Vallisneria care & tankmates
As mentioned earlier, Vallisneria care is not difficult at all. In fact, this species is actually on the list of the 8 easiest aquarium plants and can even survive in low-end brackish water and subtropical aquariums. Lots of extra lighting and Co2 aren’t necessary, although as with all plants they are appreciated.
- One important point to keep in mind is that Vallisneria doesn’t seem to appreciate soft, acidic waters and will grow slowly or even die off completely when pH gets close to 6. Harder, alkaline waters, like in a guppy tank, are ideal.
- Once your Vallisneria has had some time to settle, you should start seeing growth. The mother plant should increase in height and, after a while, will also start propagating by sending out runners in all directions. Once these have developed a few leaves and a root system of their own, you can cut them off and re-plant or remove them.
- If you find your Vals are becoming a bit too tall and dense, you can thin them out by removing a a few leaves or runners. You can also prune individual leaves by cutting them with a pair of sharp aquarium scissors; just be sure not to damage the leaf or it will die off instead of growing back. If a leaf has become algae-covered or seems to be dying, you can simply remove it.

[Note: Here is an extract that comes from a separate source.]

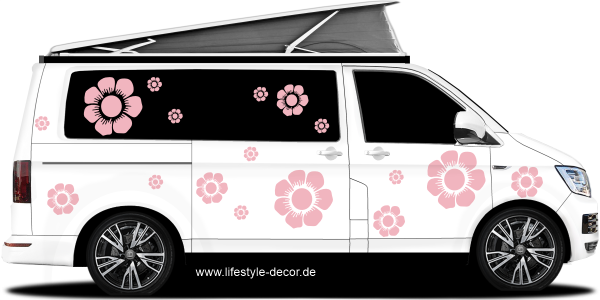 Preview: Blumen Autoaufkleber fürs Auto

- When it comes to tankmates, Vallisneria will withstand almost anything. Although it can fall prey to destructive fancy goldfish and large crayfish varieties, due to the large root systems it develops it’s actually one of the only plant species that can be kept in a tank with African cichlids at reasonable succes rates.
Problems with Vallisneria
Although Vallisneria is not a difficult plant to grow, many fishkeepers do experience some trouble with theirs. If you find your Vallisneria isn’t doing too well, it may be due to one of the following problems:
- Planted too deep. The crown and the top and the root system should be left exposed.
- Iron deficiency. If new leaves are pale and white, the root tabs mentioned earlier might help.
- Unstable liquid Co2 use. It’s sometimes reported that dosing liquid Co2 can cause Vallisneria to melt. This should be prevented by a stable dosage and not using these products off and on!
- Lack of nitrates. Poor Vallisneria growth can be caused by a lack of nitrates in the water. A fertilizer should help fix this.
Finding Vallisneria shouldn’t be too much of a challenge. Most aquarium stores carry at least the most popular types, such as Vallisneria spiralis and gigantea. You can also find it online!
When choosing your Vallisneria, be sure to keep in mind the size of your tank and the look you’re going for. Vallisneria spiralis, Vallisneria nana and the twisted-leaved Vallisneria tortifolia (also known as corkscrew Val) will stay relatively small and should work well in tanks of at least 10 gallons (38L). Vallisneria gigantea (jungle Val), however, is a whole different story and can grow to up to 30 inch (75 cm) or more. This makes it suitable only for larger aquariums!
As with many plant species, there is quite a bit of confusion regarding Vallisneria names. They grow differently in different conditions, making it very hard to distinguish between varieties sometimes. Before buying, take a good look at the plant or the reviews.